Hawaii Gigas Methylation Analysis Part 4

Reviewing second round of trimming

trimgalore

Based on Sam’s suggestion at Science Hour, I trimmed my data a second and third time with this script. Before starting bismark alignments, I wanted to look at the results of this trimming!

I transfered the output off mox:

rsync --archive --progress --verbose /gscratch/scrubbed/yaaminiv/Hawes/analyses/trimgalore-2/* yaamini@172.25.149.226:/Volumes/web/spartina/project-oyster-oa/Haws/trimmed-data-2/ #Transfer output to gannet (mounted on computer)

I also saved the output for the second round of trimming (removing remaining adapter sequences) here and the third round of trimming (removing poly-G tails] here. I started by comparing the multiqc reports from the first, second, and third rounds of trimming.

Screen Shot 2021-01-19 at 10 44 36 AM

Screen Shot 2021-01-19 at 10 44 46 AM

Screen Shot 2021-01-19 at 10 45 03 AM

Figures 1-3. Status checks for each round of trimming

Based on the status checks, there are no overrepresented sequences in the resultant files from the third round of trimming! I double checked this by looking at the reports from sample 24. There were no overrepresented sequences in the first paired read after the second round of trimming, but there were overrepresented sequences in the second pair. This makes sense because I trimmed out the remaining adapter sequences, but not the poly-G tail. After the third round of trimming, neither paired read had any overrepresented sequences!
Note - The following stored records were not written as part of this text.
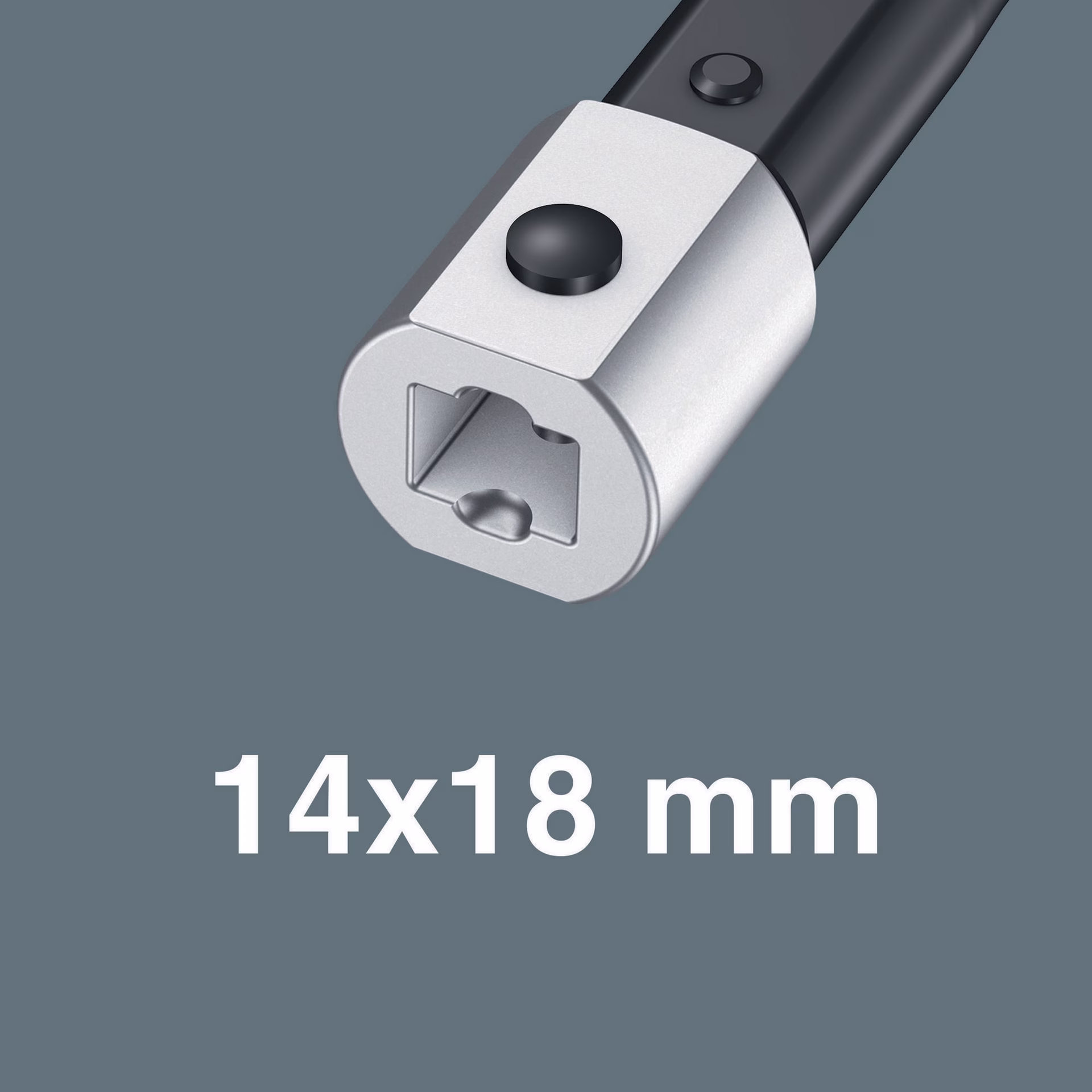 Drehmomentschlüssel Click-Torque XP 4 4-KT.14x18mm Drehm20-250Nm Voreinst.a.Anfr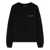 Palm Angels Palm Angels Sweatshirt With Embroidery Black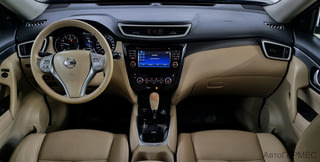 Фото NISSAN X-Trail III с пробегом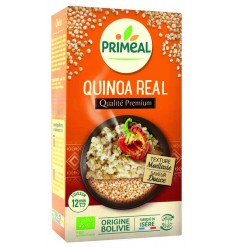 Primeal Quinoa real wit biologisch 500 gram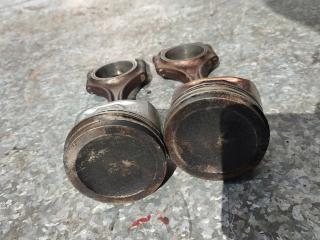 поршень шатун Smart Fortwo 1 поколение 2001, 0.6 л., бензин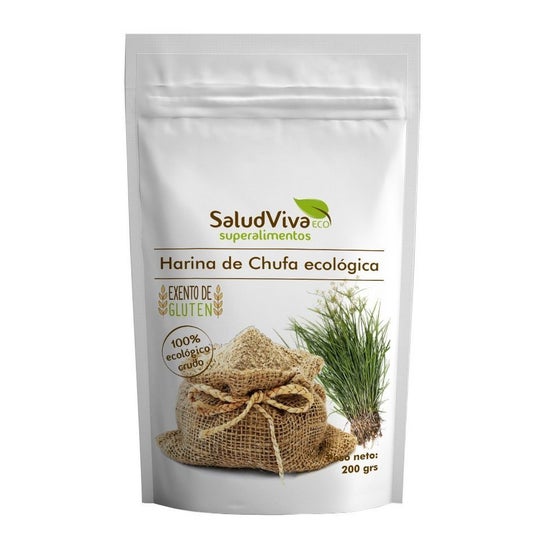 Salud Viva Harina De Chufa 200g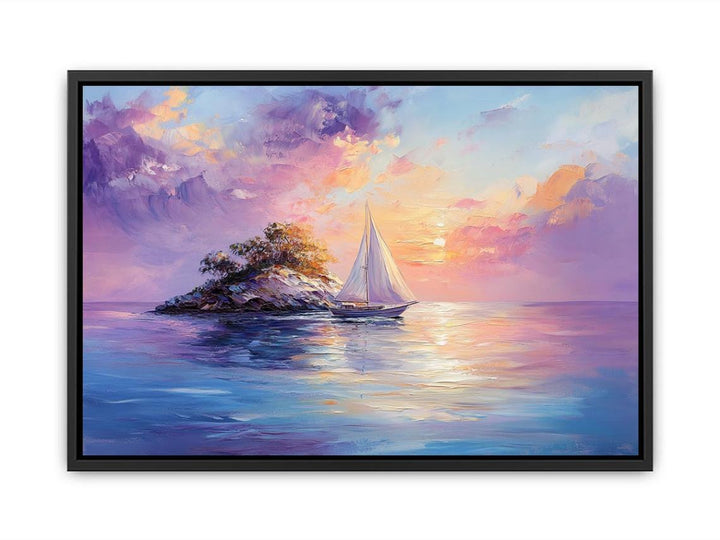 Island Breeze  Painting
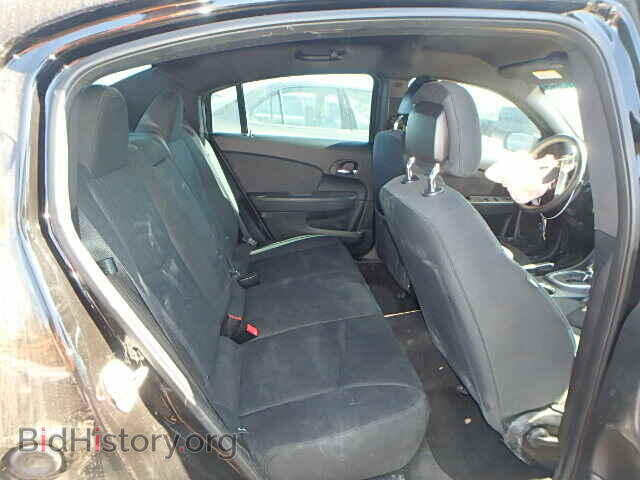 2011 CHRYSLER 200 - VIN: 1C3BC1FG3BN623200 - Фото 6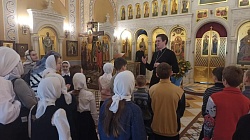Экскурсия в Старо-Голутвин мужской монастырь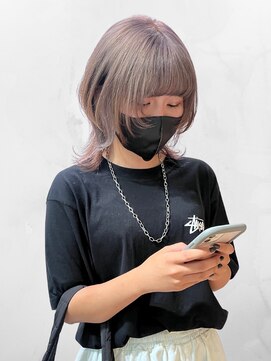 ユニバーススイート(UNIVERSE.suite) ハイトーンウルフ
I also checked the per sequence GC content in each multiqc report:

Screen Shot 2021-01-19 at 10 50 14 AM

Screen Shot 2021-01-19 at 10 50 23 AM

Screen Shot 2021-01-19 at 10 50 31 AM

Figures 4-6. Per sequence GC content for each round of trimming

There are peaks at the end of the distribution after the first and second round of trimming that can be atttributed to the poly-G tails. After the third round of trimming, that second peak is gone! While trimming out the poly-G tail works, it does make me wonder what other artifacts may be present in my sequences. That can’t be answered until Zymo takes a look at the sequences. Another thing Hollie pointed out is that while trimming is relatively easy, it does mean that we’re “wasting” reads on the poly-G tail instead of data. I decided to look at the length of the sequences between the second and third rounds of trimming. Even without the poly-G tails, I would have had to do two rounds of trimming with trimgalore and cutadapt anyways. The third round of trimming is the “extra” round that would lead to potential data loss.

To do this, I downloaded the plot data from sequence counts in the multiqc report. I know I could technically get these numbers from the general stats files multiqc produces, but that would require a little more finagling and I liked the format of these tables better. I saved the sequence cound information for the second trim here and third trim here. For each file, I calculated the total number of reads, percent unique reads, and percent duplicate reads in Excel. Between the two trims, I expected the total number of reads and percent duplicate reads to decrease after trim 3, but the percent unique reads to increase. I created a new file with this information, and calculated the difference in total reads between trims and the percent of reads “lost” after trim 3. Looking at the file, I lose 1-3% of reads after trimming the poly-G tail. This is about 511,333 to 1,197,753 reads for each individual file.

Obtaining adapter sequences

Since Hollie is also talking to Zymo about her data, she asked me to send her the adapter sequences in my data. To do this, I used grep to extract the trimmed sequences from each trimming report:

grep Sequence *trimming_report.txt > adapter-sequences.txt #Obtain adapter sequences for first trim
cd trimmed-data-2 #Change directory
grep Sequence *trimming_report.txt | cat >> ../adapter-sequences.txt #Obtain adapter sequences for second trim and append to existing adapter sequence file

The adapter sequences are saved in this file.

bismark

While waiting for information from Zymo, I decided to start bismark. I need to run the alignments on the files after the third round of trimming. I edited this script to reflect the changes in file names.

rsync --archive --progress --verbose yaamini@172.25.149.226:/Users/yaamini/Documents/project-oyster-oa/code/Haws/02-bismark.sh . #Transfer script to user directory
sbatch 02-bismark.sh #Run script

Going forward

  1. Get more information from Zymo about poly-G tails in samples
  2. Review bismark output
  3. Transfer scripts used to a nextflow workflow
  4. Identify methylation analysis framework beyond methylKit
Written on January 19, 2021